I have tried zfill, but the data in the column is a series-- I get "pandas.core.series.Series" when i run

print type(df['ID'])

and I have not been able to convert it to string using astype. I'm not sure why. I have not imported numpy.

I tried using len() to get the length of the ID number and pass it to str.ljust and str.rjust as its first argument, but I think it got hung up on the data not being a string.

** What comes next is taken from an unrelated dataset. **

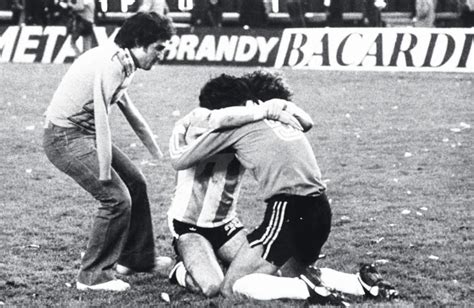 "EL ABRAZO DEL ALMA", EL SÍMBOLO DE ARGENTINA CAMPEÓN DEL MUNDIAL 1978 | El Gráfico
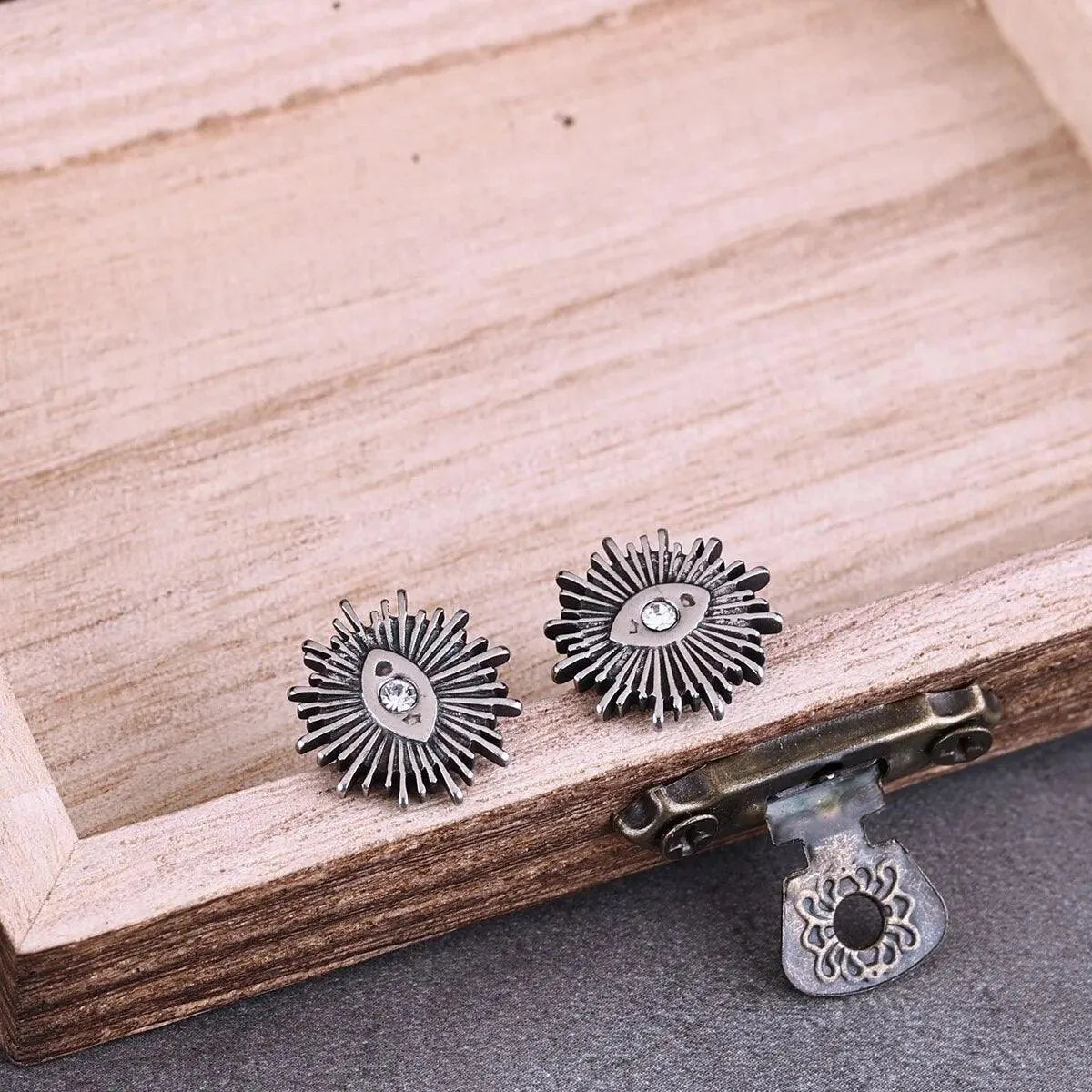 SUN EYE STUD EARRING - Cozilia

Is there a simpler way to apply double-quotes as I need, or is the zfill going to be the way to go?


Solution

  • You can add a speech mark before / after:

    In [11]: df = pd.DataFrame([["a"]], columns=["A"])
    
    In [12]: df
    Out[12]:
       A
    0  a
    
    In [13]: '"' + df['A'] + '"'
    Out[13]:
    0    "a"
    Name: A, dtype: object
    

    Assigning this back:

    In [14]: df['A'] = '"' + df.A + '"'
    
    In [15]: df
    Out[15]:
         A
    0  "a"
    

    If it's for exporting to csv you can use the quoting kwarg:

    In [21]: df = pd.DataFrame([["a"]], columns=["A"])
    
    In [22]: df.to_csv()
    Out[22]: ',A\n0,a\n'
    
    In [23]: df.to_csv(quoting=1)
    Out[23]: '"","A"\n"0","a"\n'